We have compared Affymetrix and Bioconductor annotations for the MOE430A (mouse) GeneChip® array. The mappings of probe sets to LocusLink identifiers (LocusIDs) were found to be dynamic, with many changes between successive releases of annotation for both Affymetrix and Bioconductor. There are 49 probe sets that are assigned to one LocusID by Affymetrix and to a different LocusID by Bioconductor from mid-2004 onwards. For virtually all of these examples, the Affymetrix annotation was found to be the one that is in agreement with the current gene prediction.
Reference sequence (RefSeq) identifiers are considered to be the gold standard of annotations. However, we could not use these identifiers to discriminate between the accuracy of Bioconductor and Affymetrix because not all of the probes map to the RefSeq transcript to which the probe set is assigned. Moreover, in some cases, probes align to regions downstream of the 3′ end of a RefSeq transcript.

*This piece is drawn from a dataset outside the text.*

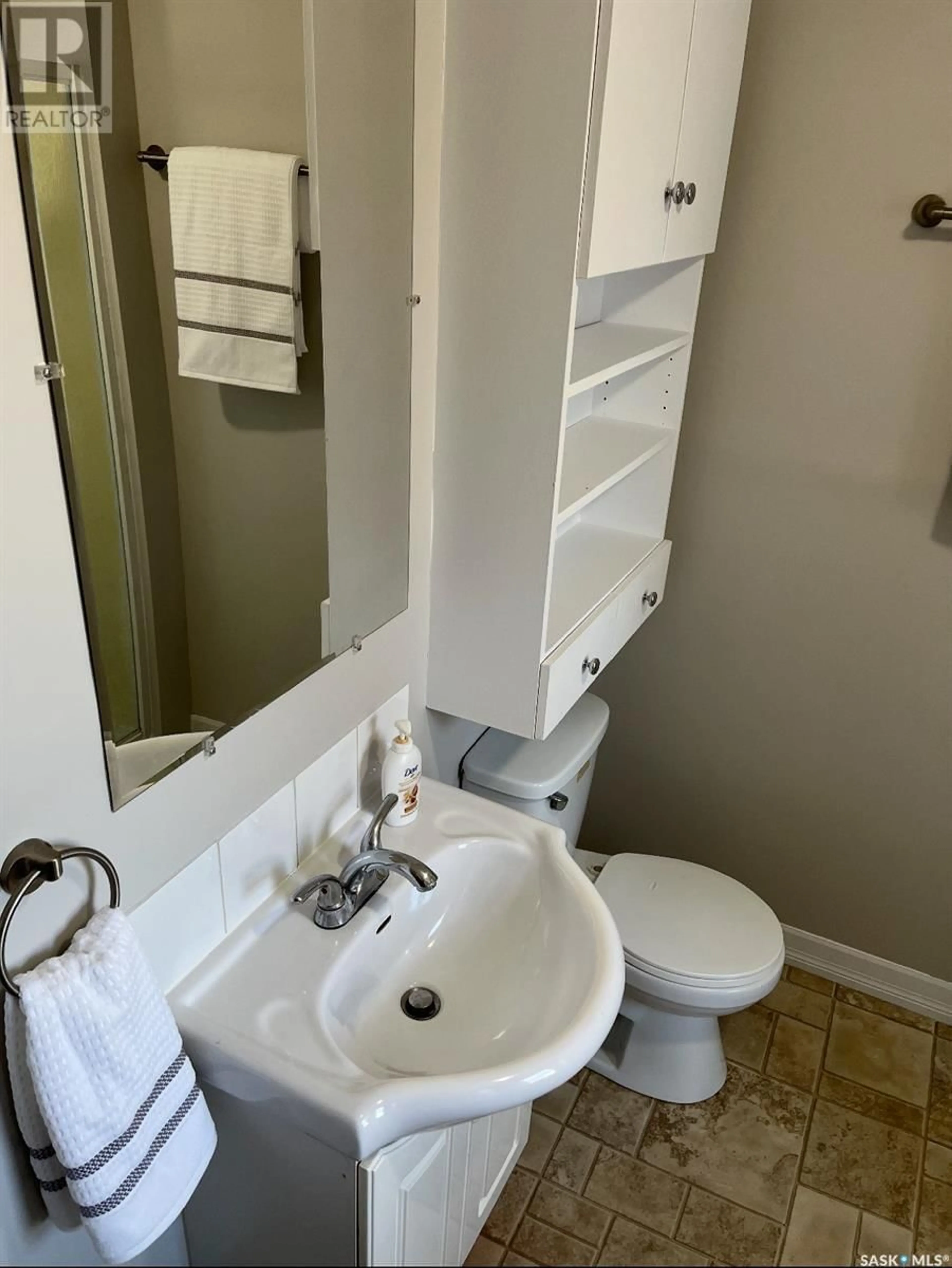 Standard bathroom, floor is not visible for 2033 FRANCIS STREET, Regina Saskatchewan S4N2P2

Adjacent genes were found to be a major cause of discrepancies between the Bioconductor and Affymetrix assignments. Case studies of several probe sets indicated that incorrect assignments are caused by the UniGene cluster assignments of expressed sequence tags representing the probe sets, and by errors in GenBank® sequences.
Our results indicate that there are a number of errors remaining in the annotation sources used by the microarray community.